WHAT IS REQUIRED - When you reach the line that contains "莫莉在花园里，1930年 作者 马克·兰斯洛特·西蒙斯" below, transcribe it and each line after it word for word to the end of the records, omitting pictures.

Dataset entries:
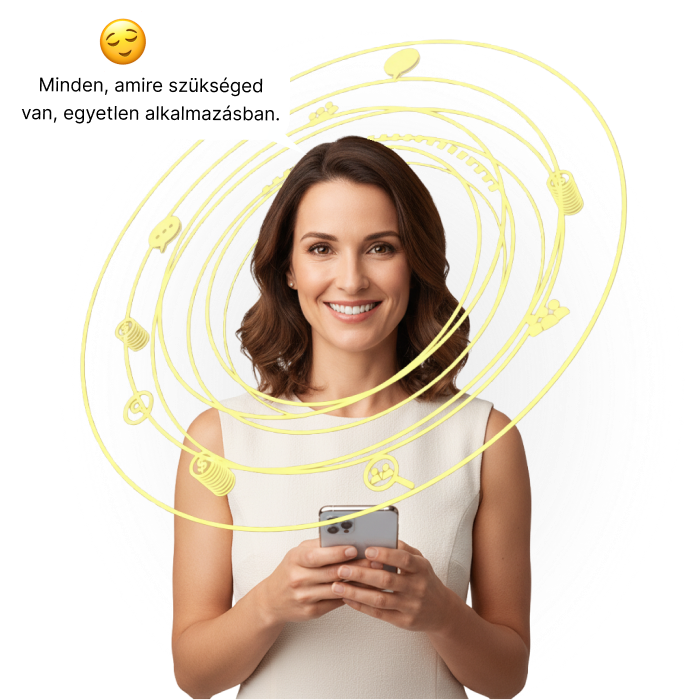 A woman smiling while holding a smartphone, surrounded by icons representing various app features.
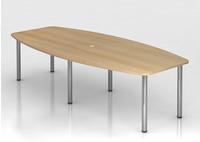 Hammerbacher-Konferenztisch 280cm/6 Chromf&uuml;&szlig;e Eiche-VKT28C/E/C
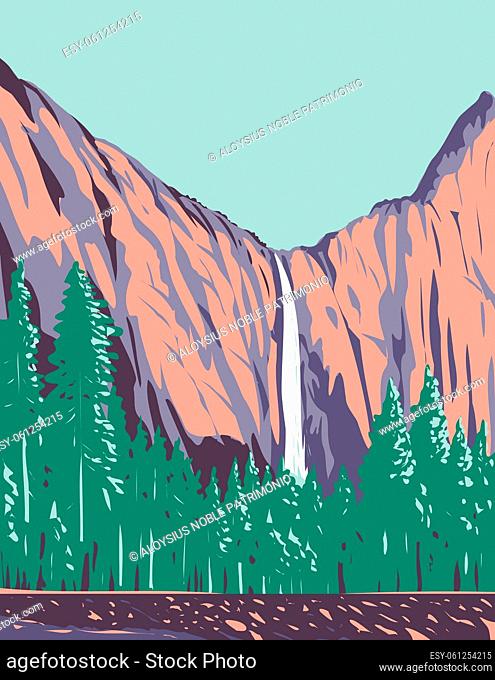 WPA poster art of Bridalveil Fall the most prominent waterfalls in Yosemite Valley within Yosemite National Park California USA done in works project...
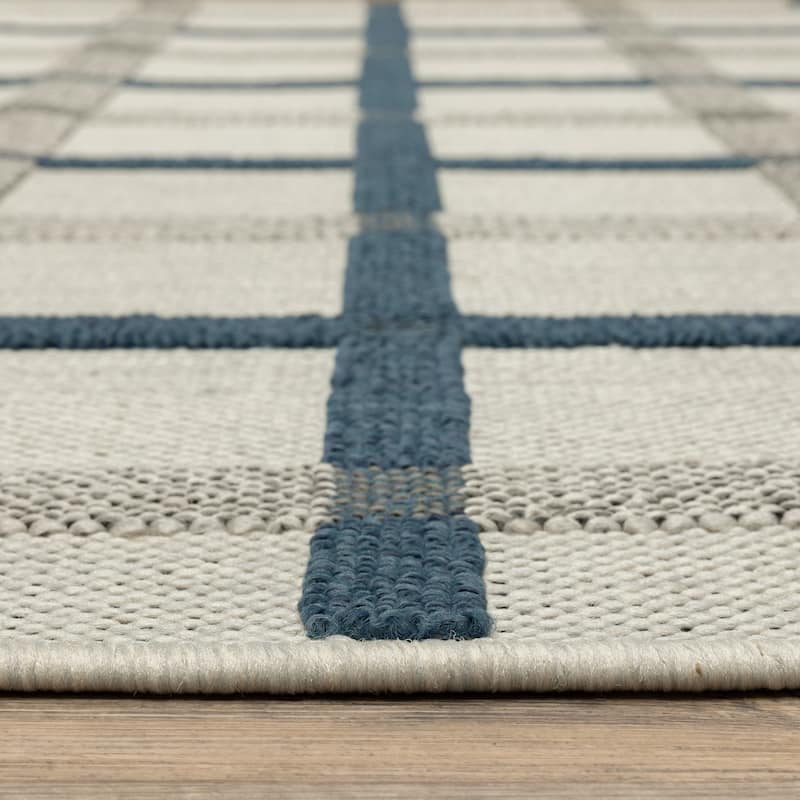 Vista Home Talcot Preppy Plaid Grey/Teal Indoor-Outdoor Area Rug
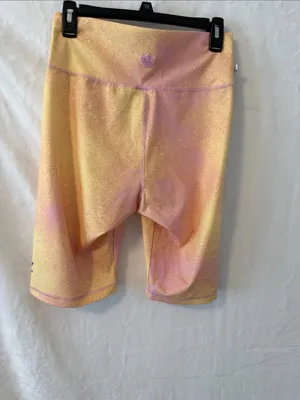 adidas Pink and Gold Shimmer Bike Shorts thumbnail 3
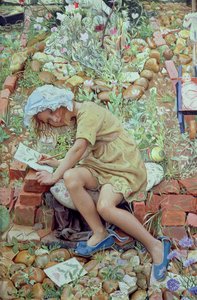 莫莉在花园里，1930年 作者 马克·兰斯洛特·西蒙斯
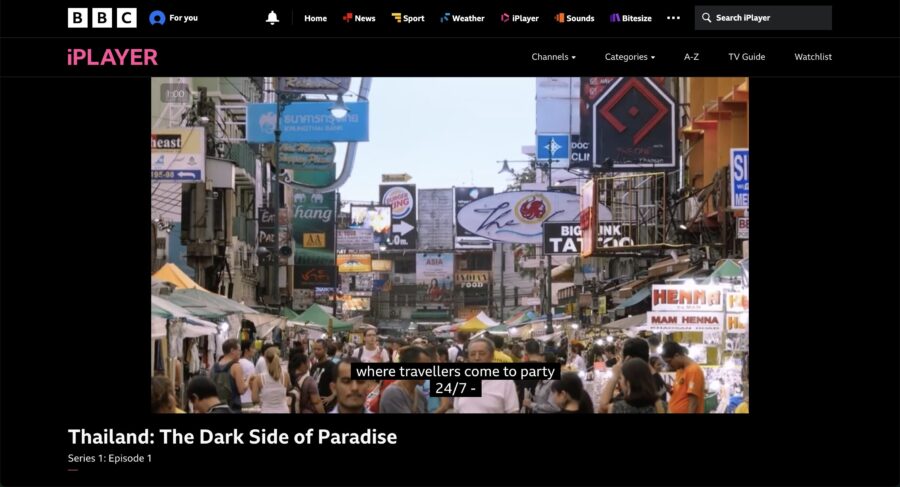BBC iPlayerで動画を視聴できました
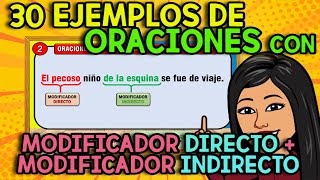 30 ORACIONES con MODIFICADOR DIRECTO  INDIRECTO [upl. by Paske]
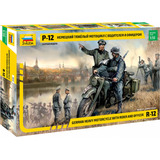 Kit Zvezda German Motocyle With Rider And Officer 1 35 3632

SOLUTION TO THE PROBLEM -
 莫莉在花园里，1930年 作者 马克·兰斯洛特·西蒙斯
BBC iPlayerで動画を視聴できました
 30 ORACIONES con MODIFICADOR DIRECTO  INDIRECTO [upl. by Paske]
 Kit Zvezda German Motocyle With Rider And Officer 1 35 3632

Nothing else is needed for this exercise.